%%

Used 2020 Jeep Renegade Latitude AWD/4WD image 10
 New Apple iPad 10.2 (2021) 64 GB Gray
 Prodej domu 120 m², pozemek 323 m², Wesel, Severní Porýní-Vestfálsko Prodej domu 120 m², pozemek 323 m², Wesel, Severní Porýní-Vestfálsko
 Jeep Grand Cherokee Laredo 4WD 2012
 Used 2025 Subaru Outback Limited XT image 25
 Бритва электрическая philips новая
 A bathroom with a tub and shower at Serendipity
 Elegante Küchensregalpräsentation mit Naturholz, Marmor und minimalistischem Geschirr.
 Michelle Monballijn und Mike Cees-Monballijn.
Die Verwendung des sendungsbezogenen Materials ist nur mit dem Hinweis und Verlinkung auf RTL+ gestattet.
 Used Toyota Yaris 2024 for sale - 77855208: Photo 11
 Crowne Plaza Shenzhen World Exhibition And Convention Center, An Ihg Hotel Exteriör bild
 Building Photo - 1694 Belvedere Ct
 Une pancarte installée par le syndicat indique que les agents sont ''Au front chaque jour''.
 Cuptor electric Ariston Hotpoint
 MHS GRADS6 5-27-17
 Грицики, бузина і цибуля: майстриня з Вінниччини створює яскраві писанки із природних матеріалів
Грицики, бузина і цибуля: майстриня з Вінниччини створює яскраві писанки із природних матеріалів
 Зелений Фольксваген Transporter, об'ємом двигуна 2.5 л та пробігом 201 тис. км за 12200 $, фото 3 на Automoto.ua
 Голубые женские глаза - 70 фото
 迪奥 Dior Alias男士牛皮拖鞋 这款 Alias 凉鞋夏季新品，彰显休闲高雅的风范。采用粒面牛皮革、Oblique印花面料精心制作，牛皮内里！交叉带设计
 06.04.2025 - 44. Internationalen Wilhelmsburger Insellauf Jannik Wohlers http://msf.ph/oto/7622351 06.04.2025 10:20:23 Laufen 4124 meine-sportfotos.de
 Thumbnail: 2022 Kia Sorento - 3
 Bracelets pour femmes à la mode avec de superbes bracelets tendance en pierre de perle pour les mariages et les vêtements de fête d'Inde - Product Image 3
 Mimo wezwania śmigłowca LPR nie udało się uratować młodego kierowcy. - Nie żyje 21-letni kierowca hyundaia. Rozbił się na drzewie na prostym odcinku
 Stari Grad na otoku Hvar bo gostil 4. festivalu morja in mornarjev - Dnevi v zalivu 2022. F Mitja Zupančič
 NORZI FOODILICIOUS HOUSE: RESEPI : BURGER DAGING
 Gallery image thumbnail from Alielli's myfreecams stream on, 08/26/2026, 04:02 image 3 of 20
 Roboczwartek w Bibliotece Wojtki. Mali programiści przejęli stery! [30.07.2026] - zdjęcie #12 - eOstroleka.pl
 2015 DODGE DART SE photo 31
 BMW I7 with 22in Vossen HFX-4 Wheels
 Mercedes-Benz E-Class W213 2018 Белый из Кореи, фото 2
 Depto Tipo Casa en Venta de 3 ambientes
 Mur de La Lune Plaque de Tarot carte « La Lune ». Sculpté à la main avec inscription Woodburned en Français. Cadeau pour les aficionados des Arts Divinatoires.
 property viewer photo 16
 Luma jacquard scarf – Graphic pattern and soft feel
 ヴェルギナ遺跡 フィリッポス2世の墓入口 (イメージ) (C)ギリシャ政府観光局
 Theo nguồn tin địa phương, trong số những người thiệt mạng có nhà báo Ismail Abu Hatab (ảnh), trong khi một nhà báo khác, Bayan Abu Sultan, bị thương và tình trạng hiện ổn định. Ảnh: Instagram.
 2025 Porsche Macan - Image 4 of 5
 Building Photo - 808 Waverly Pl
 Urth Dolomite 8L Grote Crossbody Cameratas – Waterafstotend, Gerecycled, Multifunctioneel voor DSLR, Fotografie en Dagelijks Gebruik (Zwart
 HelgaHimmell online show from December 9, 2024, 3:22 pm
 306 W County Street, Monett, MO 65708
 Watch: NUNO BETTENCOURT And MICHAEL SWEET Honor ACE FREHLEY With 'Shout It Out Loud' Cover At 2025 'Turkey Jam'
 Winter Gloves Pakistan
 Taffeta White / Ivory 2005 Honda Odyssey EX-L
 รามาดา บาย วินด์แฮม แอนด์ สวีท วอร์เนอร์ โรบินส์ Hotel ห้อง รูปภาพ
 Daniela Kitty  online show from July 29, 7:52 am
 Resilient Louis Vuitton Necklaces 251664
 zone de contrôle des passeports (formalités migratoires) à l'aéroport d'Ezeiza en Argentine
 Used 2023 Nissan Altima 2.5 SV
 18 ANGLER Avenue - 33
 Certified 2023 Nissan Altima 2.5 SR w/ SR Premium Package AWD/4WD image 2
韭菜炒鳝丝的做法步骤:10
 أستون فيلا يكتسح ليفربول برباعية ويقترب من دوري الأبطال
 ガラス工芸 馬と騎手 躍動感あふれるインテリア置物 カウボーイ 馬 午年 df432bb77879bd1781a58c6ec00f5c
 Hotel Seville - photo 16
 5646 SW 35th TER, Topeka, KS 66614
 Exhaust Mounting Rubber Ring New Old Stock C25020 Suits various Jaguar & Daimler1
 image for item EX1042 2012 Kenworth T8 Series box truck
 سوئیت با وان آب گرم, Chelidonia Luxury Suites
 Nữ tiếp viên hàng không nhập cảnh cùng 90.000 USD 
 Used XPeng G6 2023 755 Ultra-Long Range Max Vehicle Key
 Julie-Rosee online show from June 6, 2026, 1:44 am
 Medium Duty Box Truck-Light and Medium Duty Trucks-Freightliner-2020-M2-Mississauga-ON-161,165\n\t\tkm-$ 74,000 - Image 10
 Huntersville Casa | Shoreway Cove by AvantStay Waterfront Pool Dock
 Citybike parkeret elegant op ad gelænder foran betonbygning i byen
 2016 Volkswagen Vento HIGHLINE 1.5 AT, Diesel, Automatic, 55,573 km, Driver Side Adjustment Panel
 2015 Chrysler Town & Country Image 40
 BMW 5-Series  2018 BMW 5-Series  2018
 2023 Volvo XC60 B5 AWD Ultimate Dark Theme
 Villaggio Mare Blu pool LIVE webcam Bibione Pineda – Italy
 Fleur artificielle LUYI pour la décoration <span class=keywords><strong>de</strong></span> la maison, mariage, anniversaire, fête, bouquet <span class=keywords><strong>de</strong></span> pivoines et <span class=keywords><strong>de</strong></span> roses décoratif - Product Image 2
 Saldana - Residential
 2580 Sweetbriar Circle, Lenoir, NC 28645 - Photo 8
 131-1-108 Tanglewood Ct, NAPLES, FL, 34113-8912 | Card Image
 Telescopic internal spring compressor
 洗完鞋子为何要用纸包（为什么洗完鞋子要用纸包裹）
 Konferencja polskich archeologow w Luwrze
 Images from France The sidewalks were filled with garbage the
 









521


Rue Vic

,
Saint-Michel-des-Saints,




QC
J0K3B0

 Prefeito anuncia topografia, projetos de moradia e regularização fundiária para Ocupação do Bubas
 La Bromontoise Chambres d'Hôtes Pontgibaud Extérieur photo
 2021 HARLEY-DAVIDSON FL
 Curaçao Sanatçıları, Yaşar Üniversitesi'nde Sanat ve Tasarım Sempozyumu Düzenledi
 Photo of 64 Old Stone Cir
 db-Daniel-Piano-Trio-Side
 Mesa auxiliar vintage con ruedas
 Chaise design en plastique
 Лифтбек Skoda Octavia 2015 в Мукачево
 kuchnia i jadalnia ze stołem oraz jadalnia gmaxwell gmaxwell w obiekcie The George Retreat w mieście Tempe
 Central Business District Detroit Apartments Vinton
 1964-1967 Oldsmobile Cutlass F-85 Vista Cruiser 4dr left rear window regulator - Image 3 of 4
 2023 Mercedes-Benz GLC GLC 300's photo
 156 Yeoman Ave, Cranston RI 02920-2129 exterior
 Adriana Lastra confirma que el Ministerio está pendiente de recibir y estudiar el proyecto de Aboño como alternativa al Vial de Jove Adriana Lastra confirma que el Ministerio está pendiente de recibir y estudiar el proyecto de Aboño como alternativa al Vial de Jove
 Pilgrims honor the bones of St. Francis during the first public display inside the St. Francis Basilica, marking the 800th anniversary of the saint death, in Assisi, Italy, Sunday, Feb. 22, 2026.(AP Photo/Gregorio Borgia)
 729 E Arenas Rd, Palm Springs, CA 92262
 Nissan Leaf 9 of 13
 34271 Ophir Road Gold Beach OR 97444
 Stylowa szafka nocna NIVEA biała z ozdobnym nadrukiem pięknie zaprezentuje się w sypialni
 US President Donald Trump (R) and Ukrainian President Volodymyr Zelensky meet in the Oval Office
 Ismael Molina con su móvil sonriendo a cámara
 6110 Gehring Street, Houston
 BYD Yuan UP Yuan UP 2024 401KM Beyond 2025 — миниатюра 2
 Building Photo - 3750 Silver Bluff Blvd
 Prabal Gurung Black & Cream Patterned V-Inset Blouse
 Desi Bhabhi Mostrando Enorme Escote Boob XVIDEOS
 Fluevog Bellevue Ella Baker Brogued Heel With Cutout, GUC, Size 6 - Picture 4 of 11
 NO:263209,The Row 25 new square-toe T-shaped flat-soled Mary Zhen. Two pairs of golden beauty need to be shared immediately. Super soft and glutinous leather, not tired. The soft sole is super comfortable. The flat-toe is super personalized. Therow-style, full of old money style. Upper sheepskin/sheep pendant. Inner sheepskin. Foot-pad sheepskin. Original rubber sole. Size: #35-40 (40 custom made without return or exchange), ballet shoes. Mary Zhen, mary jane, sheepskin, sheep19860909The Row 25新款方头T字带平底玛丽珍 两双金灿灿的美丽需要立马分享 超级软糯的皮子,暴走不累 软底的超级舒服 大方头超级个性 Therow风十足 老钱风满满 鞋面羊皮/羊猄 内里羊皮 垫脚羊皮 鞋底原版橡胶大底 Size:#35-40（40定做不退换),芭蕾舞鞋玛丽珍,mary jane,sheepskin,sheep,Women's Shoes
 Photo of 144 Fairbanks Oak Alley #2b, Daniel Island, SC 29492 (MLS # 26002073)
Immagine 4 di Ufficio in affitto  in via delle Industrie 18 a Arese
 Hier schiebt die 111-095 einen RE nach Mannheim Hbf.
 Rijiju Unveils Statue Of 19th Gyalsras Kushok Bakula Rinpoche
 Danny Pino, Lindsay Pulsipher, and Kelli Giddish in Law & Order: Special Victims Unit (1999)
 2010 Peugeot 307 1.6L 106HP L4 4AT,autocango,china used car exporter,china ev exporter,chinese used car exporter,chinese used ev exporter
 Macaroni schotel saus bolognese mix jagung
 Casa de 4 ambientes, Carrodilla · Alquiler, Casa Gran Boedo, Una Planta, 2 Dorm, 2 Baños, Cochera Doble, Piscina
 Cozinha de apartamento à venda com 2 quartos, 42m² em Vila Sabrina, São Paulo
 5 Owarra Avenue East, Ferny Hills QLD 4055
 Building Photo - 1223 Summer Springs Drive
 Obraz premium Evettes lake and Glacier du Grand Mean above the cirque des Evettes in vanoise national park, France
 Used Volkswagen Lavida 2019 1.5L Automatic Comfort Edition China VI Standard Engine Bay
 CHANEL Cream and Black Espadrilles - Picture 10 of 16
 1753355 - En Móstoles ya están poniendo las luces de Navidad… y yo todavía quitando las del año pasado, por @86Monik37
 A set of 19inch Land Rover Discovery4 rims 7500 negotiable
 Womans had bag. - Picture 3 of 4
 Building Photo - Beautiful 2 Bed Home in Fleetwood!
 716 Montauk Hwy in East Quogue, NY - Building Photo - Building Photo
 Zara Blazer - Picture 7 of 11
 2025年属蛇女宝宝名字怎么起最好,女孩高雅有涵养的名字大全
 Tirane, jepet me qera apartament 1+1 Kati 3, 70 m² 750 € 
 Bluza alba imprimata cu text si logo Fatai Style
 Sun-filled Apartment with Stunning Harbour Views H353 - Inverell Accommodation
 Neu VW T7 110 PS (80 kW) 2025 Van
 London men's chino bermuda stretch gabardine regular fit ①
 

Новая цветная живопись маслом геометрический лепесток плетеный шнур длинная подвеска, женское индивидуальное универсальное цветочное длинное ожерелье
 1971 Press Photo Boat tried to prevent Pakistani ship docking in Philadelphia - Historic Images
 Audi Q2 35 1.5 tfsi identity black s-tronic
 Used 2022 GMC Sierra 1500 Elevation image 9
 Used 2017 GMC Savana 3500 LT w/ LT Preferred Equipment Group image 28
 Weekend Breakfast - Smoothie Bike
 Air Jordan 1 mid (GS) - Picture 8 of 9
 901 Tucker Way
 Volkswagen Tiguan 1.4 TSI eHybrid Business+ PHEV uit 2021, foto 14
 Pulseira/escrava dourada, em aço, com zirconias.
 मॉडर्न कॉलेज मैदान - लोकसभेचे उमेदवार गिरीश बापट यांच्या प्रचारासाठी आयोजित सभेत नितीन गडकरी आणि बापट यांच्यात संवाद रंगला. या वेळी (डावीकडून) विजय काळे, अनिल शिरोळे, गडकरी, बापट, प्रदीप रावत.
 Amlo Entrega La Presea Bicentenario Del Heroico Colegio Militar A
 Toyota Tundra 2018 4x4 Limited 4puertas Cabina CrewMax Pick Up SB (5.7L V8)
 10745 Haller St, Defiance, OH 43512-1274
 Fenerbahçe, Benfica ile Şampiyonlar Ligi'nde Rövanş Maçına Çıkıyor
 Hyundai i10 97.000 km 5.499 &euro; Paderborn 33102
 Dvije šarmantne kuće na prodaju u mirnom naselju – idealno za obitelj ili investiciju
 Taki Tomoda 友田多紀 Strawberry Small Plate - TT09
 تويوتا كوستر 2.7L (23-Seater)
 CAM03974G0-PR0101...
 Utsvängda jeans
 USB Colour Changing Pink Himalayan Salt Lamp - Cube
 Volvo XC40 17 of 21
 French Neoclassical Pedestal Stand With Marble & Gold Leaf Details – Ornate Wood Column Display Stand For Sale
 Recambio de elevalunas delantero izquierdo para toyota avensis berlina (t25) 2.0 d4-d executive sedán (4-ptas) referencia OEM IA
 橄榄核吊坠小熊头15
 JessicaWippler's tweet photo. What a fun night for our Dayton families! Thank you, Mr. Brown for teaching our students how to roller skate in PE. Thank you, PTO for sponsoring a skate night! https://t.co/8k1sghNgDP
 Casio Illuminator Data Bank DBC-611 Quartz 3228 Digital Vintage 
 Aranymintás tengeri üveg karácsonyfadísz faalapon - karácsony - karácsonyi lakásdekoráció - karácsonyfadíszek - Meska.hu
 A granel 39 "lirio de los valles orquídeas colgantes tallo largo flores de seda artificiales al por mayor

%%

**INSTRUCTIONS FOR THE TASK**
Search the entries for "Building" and show every line that has it.

**COMPLETED TASK**
 Building Photo - 1694 Belvedere Ct
 Building Photo - 808 Waverly Pl
 Building Photo - 3750 Silver Bluff Blvd
 Building Photo - 1223 Summer Springs Drive
 Building Photo - Beautiful 2 Bed Home in Fleetwood!
 716 Montauk Hwy in East Quogue, NY - Building Photo - Building Photo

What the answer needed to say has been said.